2022-06-23

TEN SUCCESS STORIES FROM TEN YEARS OF SUCCESS: The Nordic Data Grid Facility

Year 2022 marks the 10-year anniversary for NeIC. To celebrate this milestone, we will publish ten stories that showcase how NeIC has contributed to developing best-in-class e-infrastructure services beyond national capabilities and enhanced the productivity of research in the Nordic Region.

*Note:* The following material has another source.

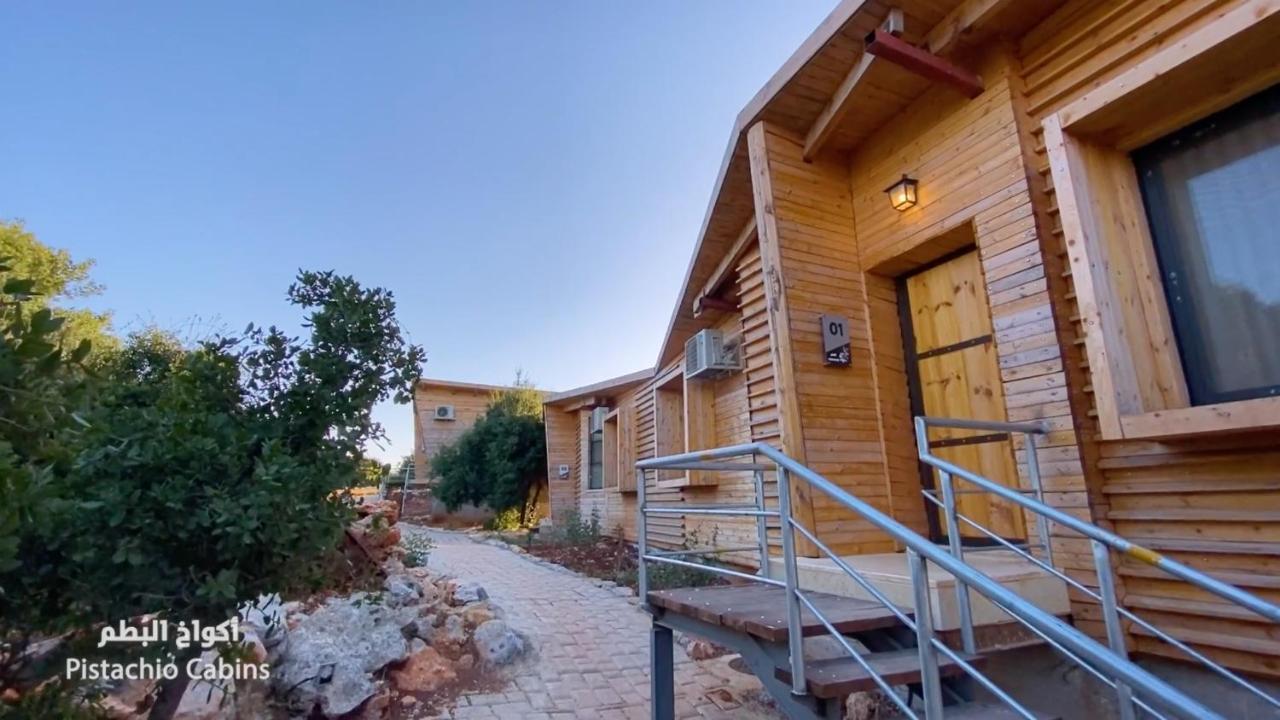 Ajloun Forest Reserve Jarash Exterior photo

The Nordic e-Infrastructure Collaboration, also known as NeIC, was established in 2012. NeIC facilitates collaboration on digital infrastructure within the Nordic countries and Estonia by providing experts coming from different countries, organisations and fields opportunities to work together. This Nordic collaboration on digital infrastructure had started already before NeIC was established. Since 2003, the Nordic countries have been collaborating on the Worldwide Large Hadron Collider Computing Grid (WLCG) at CERN, providing research computing and storage for high-energy physicists worldwide. The successful collaboration that started with the services offered by the Nordic Data Grid Facility (NDGF) was after some years expanded into NeIC, which was tasked to run the Nordic WLCG Tier-1 facility, also known as NT1. The initiation of NeIC made it possible to facilitate collaborations to benefit other science areas.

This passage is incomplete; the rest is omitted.